Mierle Laderman Ukeles cleaning the steps of an art museum differ from Richard Serra flinging molten lead against the walls of an art museum in that one is an action of art and one will produce a piece of art that will remain after the action that created the said art. They are the same in that they are both art because of the intentions that the artists put behind their actions.
The fact that Ukeles performed this action of cleaning stairs at an art museum makes it art because of the message she was sending by cleaning these steps. Hired janitors do not perform maintenance art because their intention is not to make a statement or send a message with their actions, they are just people simply going to work and doing their job each day.
An object does not become art because of the mediums used.
Just because a painting is not on canvas does not mean the painting is not art. Art lies within the intention of the artist not in the materials used to create the art nor where the art piece is located. A painting hung in a house can totally be considered art.
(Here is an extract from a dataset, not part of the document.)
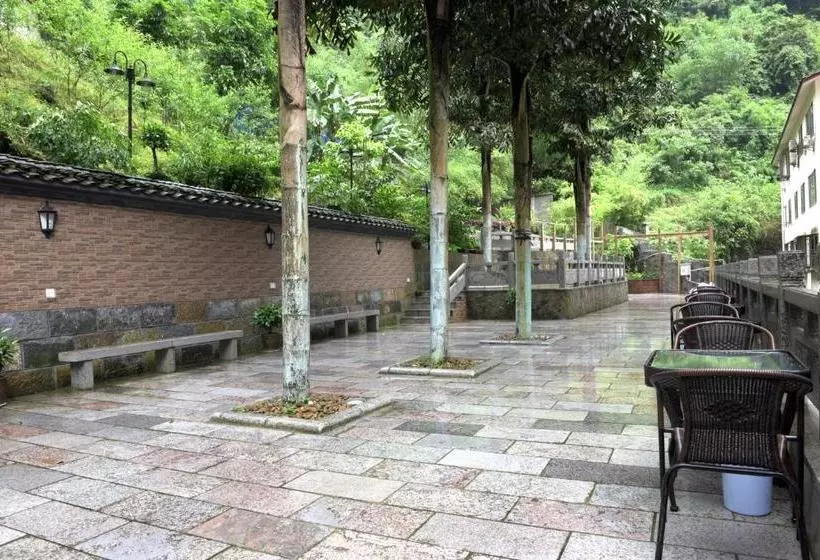 Hotelli Alley Mountain View Garden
Painting a house with a mural with the intention to beautify it will transform the act into art, whereas just painting a house to protect it from the elements would not be art.
Is “women’s work” ever art?
Thinking about this statement has definitely changed my opinion regarding typically domestic activities. The jobs that society usually asigns to women tend to revolve around caretaking and nurturing others and making life easier for those around them.
In this way, women have the intention to lighten the load of other with their actions making women’s work art. Women’s work beautifies and sends a message of care that allows these actions to be justified as art.
P.s. If I had to choose one star on Hollywood Boulevard to clean on my hands and knees I would choose Ryan Reynolds.